The answer should hold only the lines from the one containing "Aufkleber - Burst" through the one containing "Salt and Vinegar" in the entries below, copied exactly, without pictures.
======== Source material ========
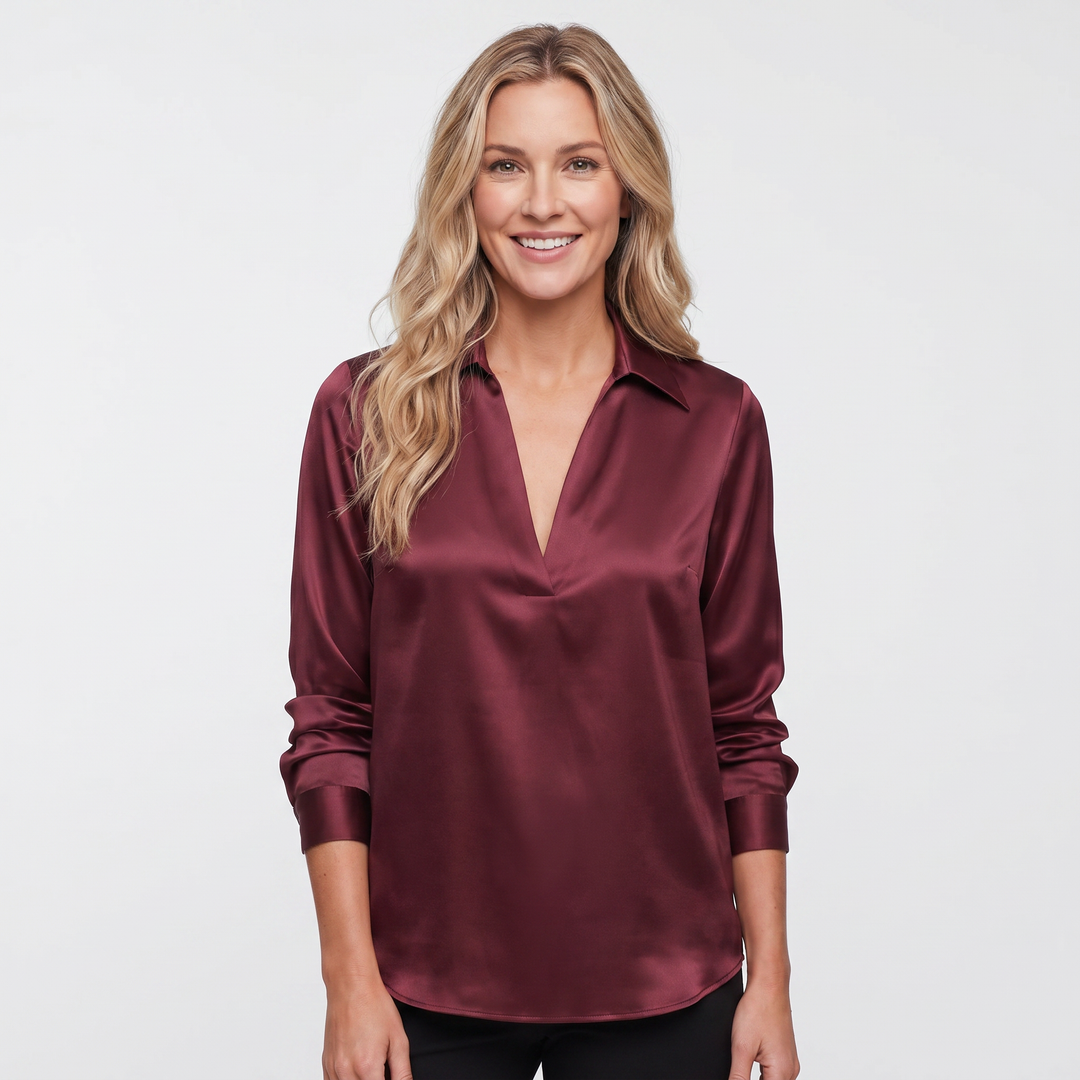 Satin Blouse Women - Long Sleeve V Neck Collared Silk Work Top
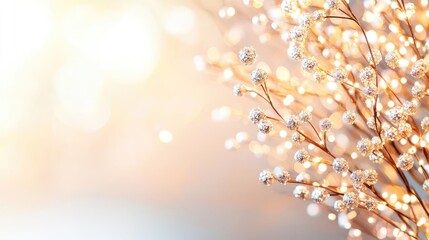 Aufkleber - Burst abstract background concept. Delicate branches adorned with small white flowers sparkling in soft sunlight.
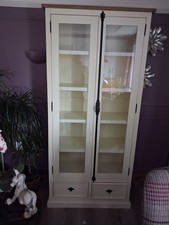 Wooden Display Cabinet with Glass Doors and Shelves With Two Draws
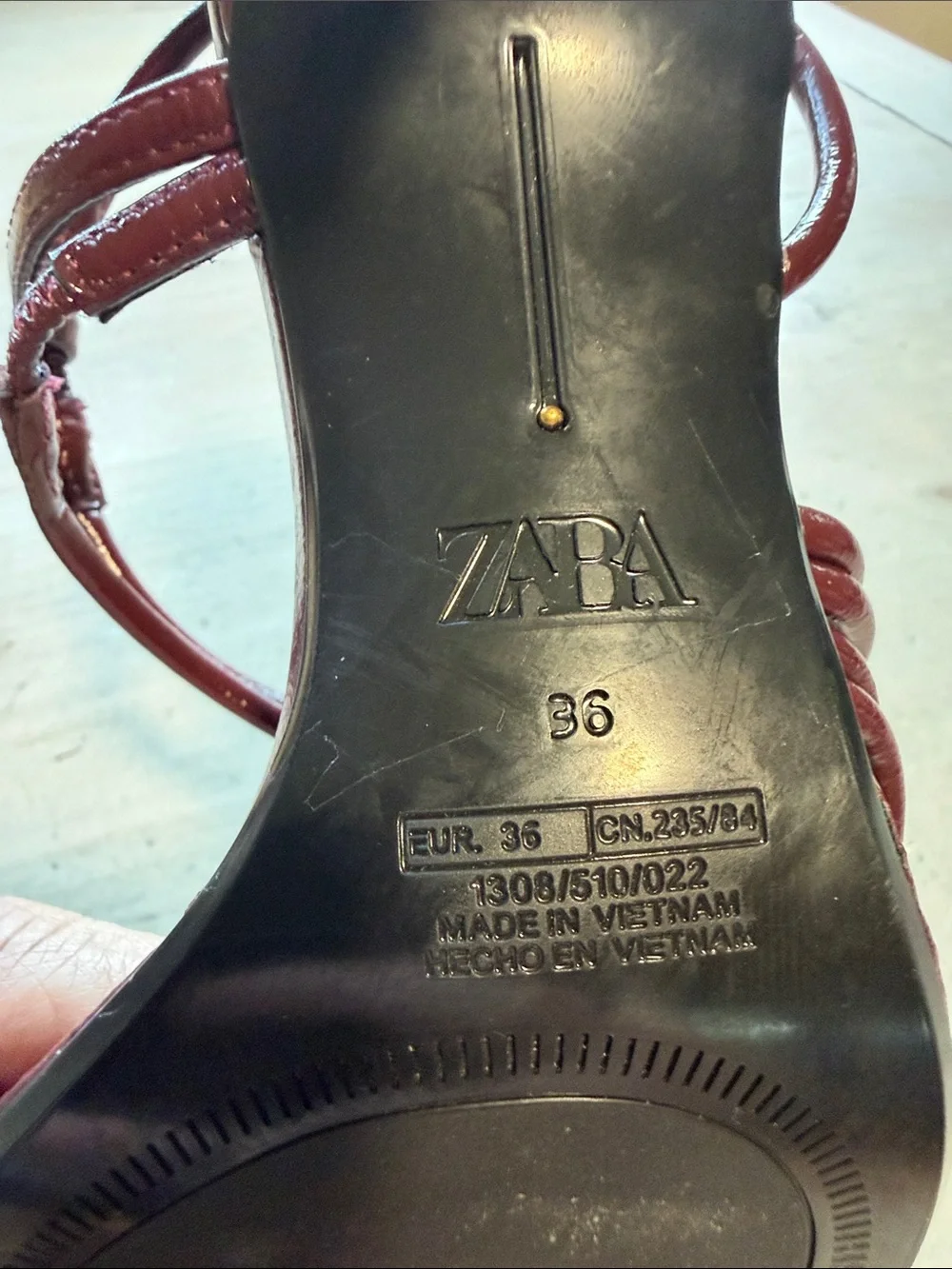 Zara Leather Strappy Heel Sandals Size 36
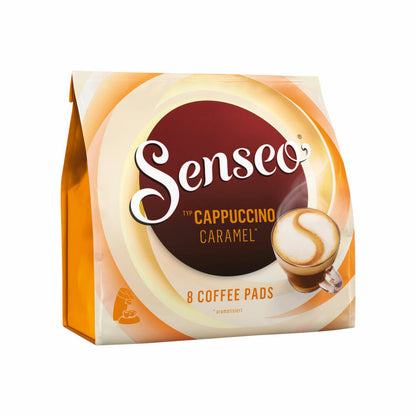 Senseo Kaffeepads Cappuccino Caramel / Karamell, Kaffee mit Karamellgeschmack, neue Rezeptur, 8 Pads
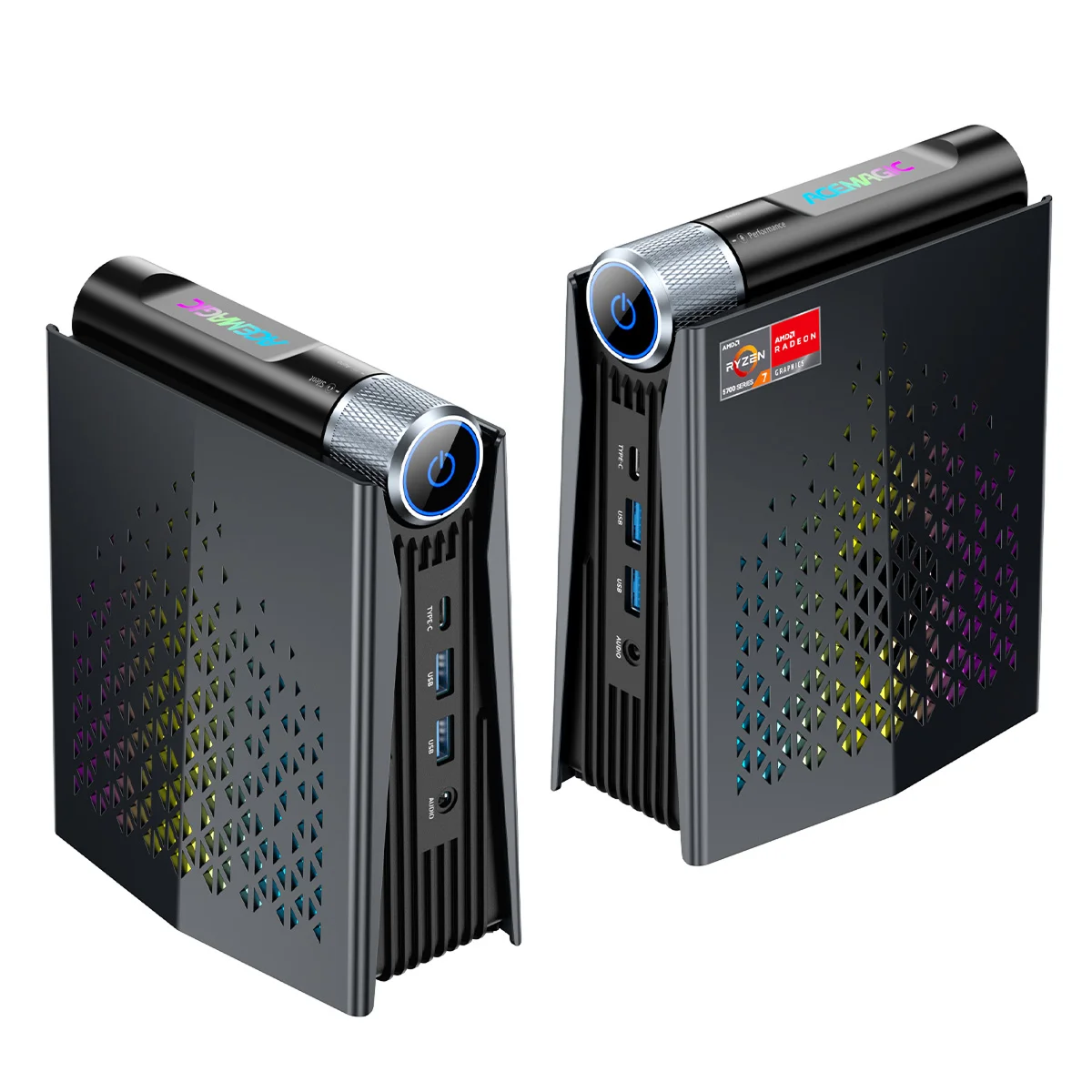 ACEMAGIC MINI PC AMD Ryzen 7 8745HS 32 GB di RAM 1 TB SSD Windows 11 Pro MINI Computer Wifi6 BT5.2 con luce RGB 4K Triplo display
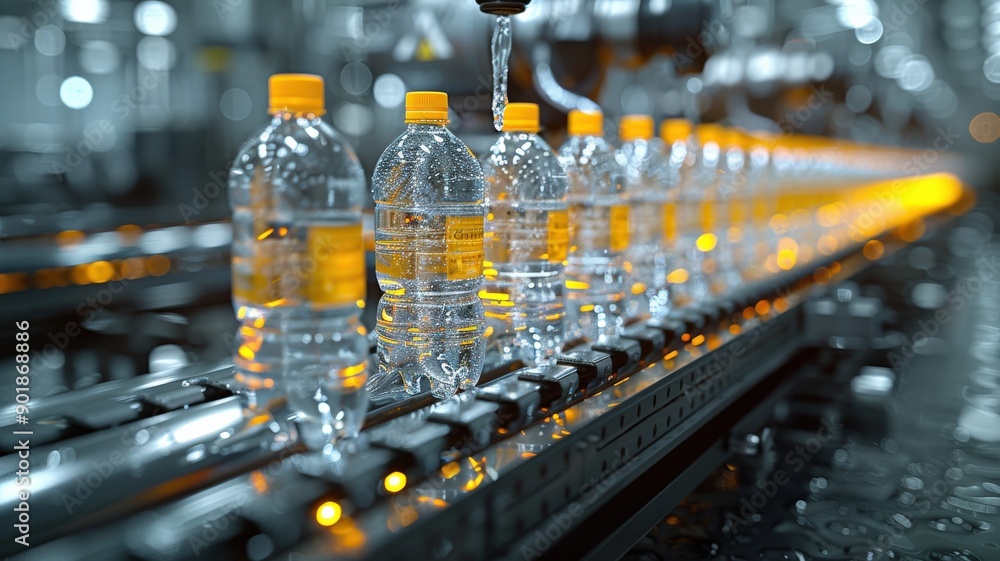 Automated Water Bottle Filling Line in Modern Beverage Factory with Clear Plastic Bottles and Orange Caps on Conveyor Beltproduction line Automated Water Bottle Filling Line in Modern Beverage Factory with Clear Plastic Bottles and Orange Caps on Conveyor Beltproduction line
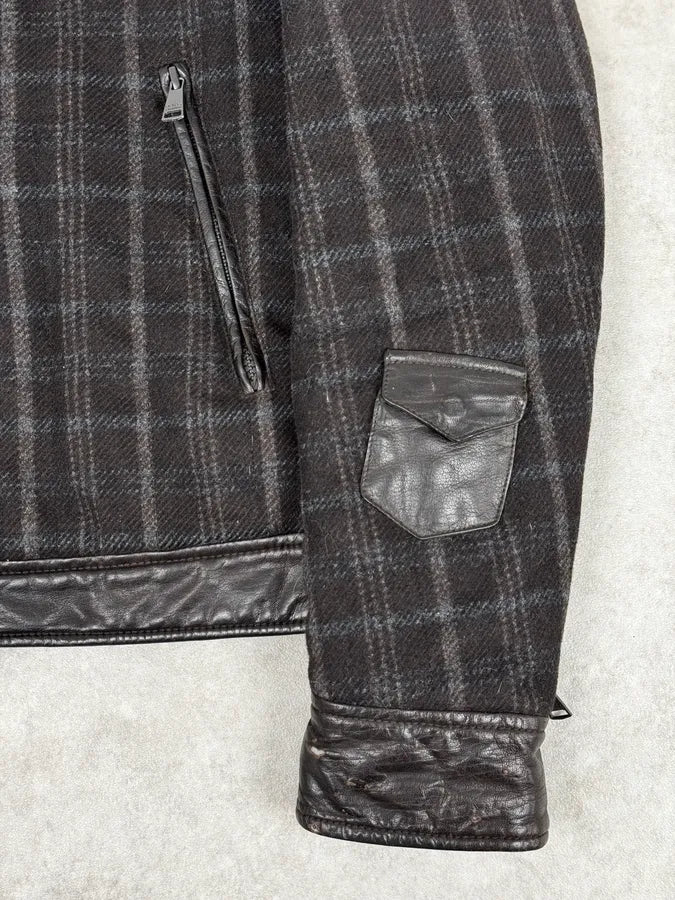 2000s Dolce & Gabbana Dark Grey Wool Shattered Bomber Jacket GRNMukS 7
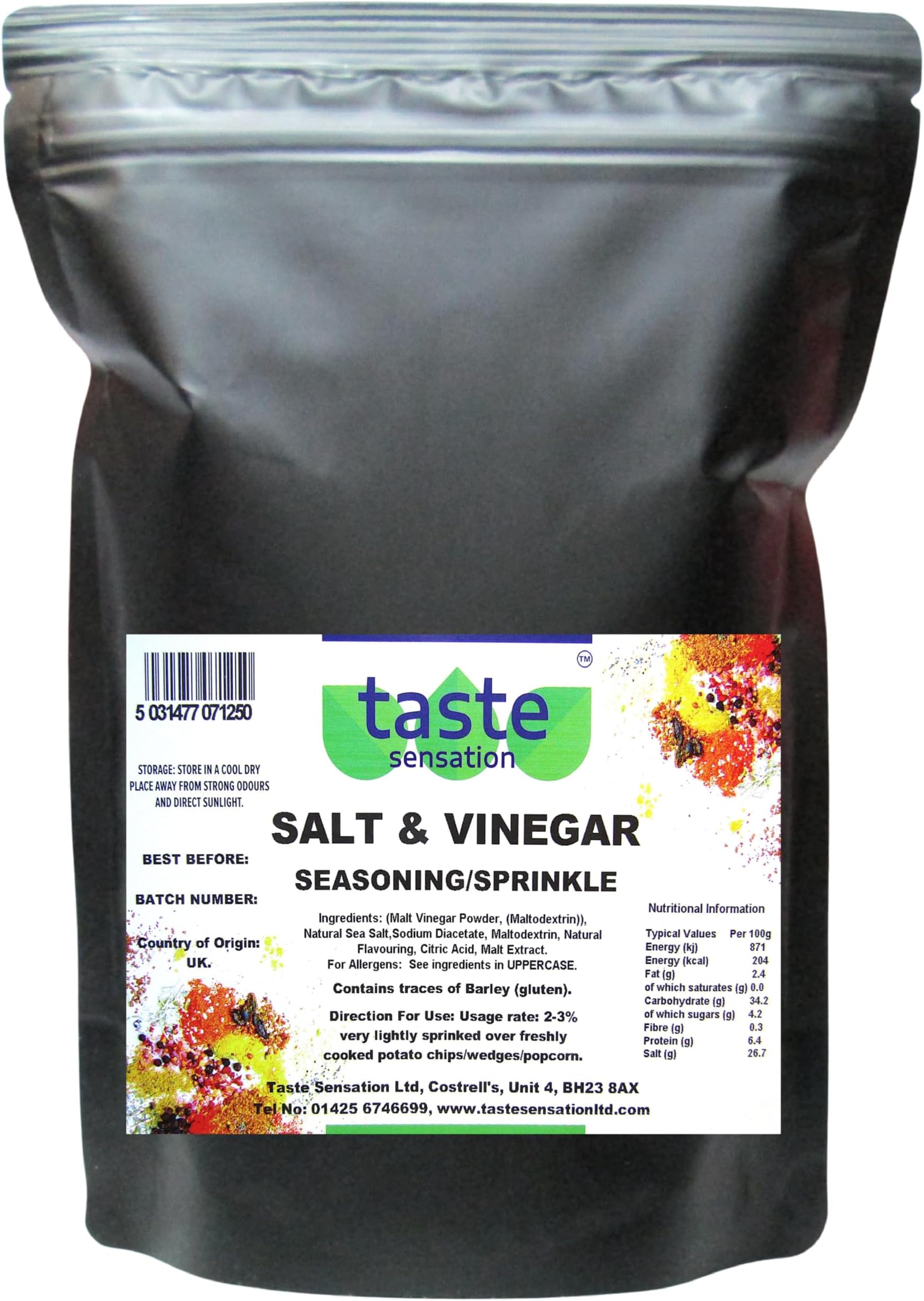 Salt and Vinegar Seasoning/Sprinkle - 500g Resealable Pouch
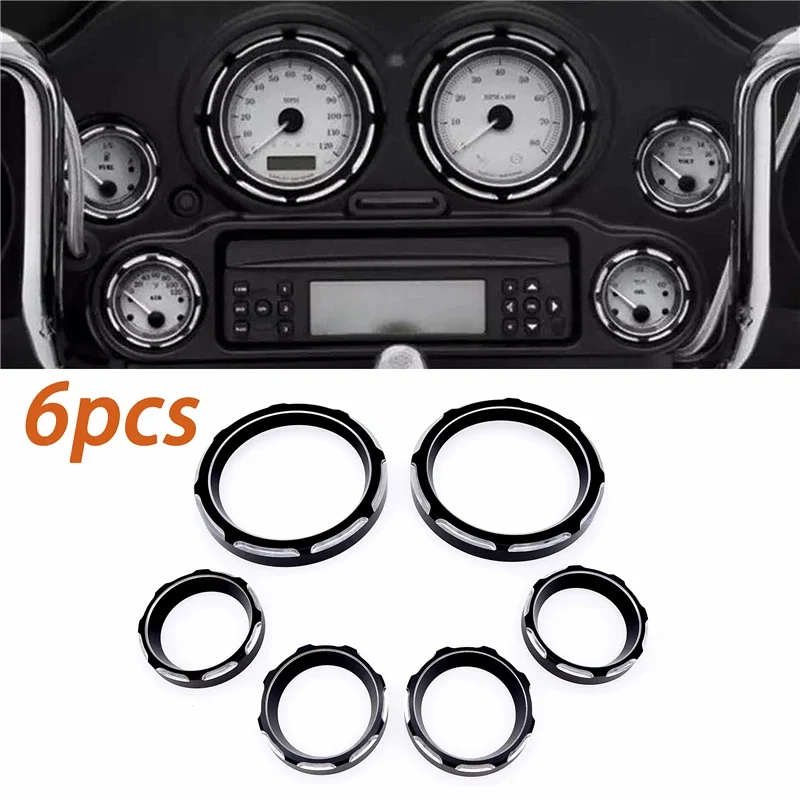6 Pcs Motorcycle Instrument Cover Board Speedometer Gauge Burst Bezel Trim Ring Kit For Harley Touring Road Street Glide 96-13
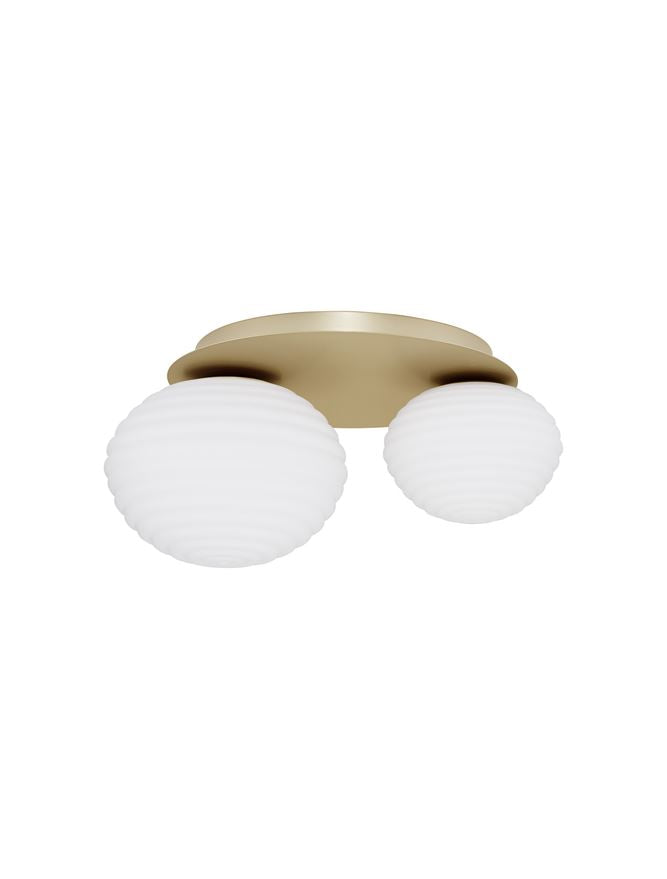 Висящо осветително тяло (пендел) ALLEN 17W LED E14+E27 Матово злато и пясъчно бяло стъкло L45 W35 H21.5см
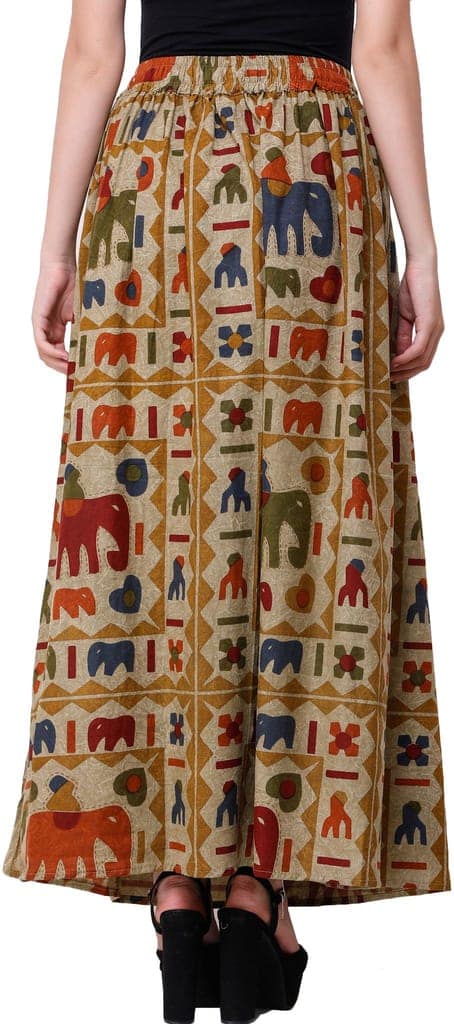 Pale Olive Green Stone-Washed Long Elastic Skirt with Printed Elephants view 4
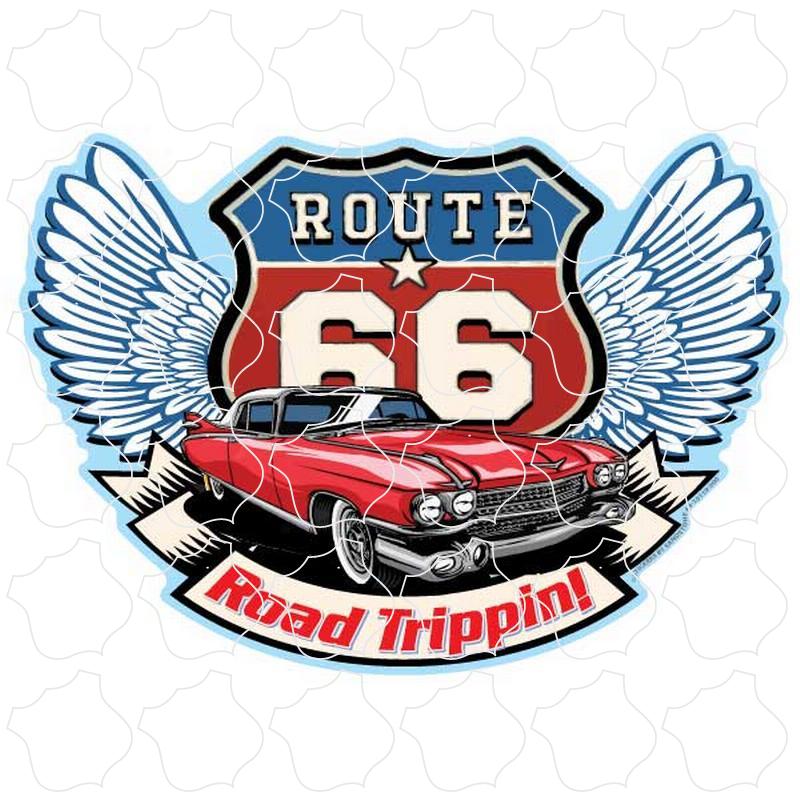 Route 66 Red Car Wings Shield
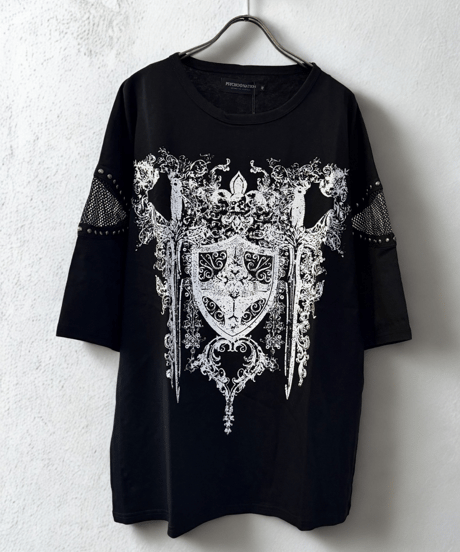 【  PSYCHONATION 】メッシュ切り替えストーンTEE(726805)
========
### Solution for this task
 Aufkleber - Burst abstract background concept. Delicate branches adorned with small white flowers sparkling in soft sunlight.
 Wooden Display Cabinet with Glass Doors and Shelves With Two Draws
 Zara Leather Strappy Heel Sandals Size 36
 Senseo Kaffeepads Cappuccino Caramel / Karamell, Kaffee mit Karamellgeschmack, neue Rezeptur, 8 Pads
 ACEMAGIC MINI PC AMD Ryzen 7 8745HS 32 GB di RAM 1 TB SSD Windows 11 Pro MINI Computer Wifi6 BT5.2 con luce RGB 4K Triplo display
 Automated Water Bottle Filling Line in Modern Beverage Factory with Clear Plastic Bottles and Orange Caps on Conveyor Beltproduction line Automated Water Bottle Filling Line in Modern Beverage Factory with Clear Plastic Bottles and Orange Caps on Conveyor Beltproduction line
 2000s Dolce & Gabbana Dark Grey Wool Shattered Bomber Jacket GRNMukS 7
 Salt and Vinegar Seasoning/Sprinkle - 500g Resealable Pouch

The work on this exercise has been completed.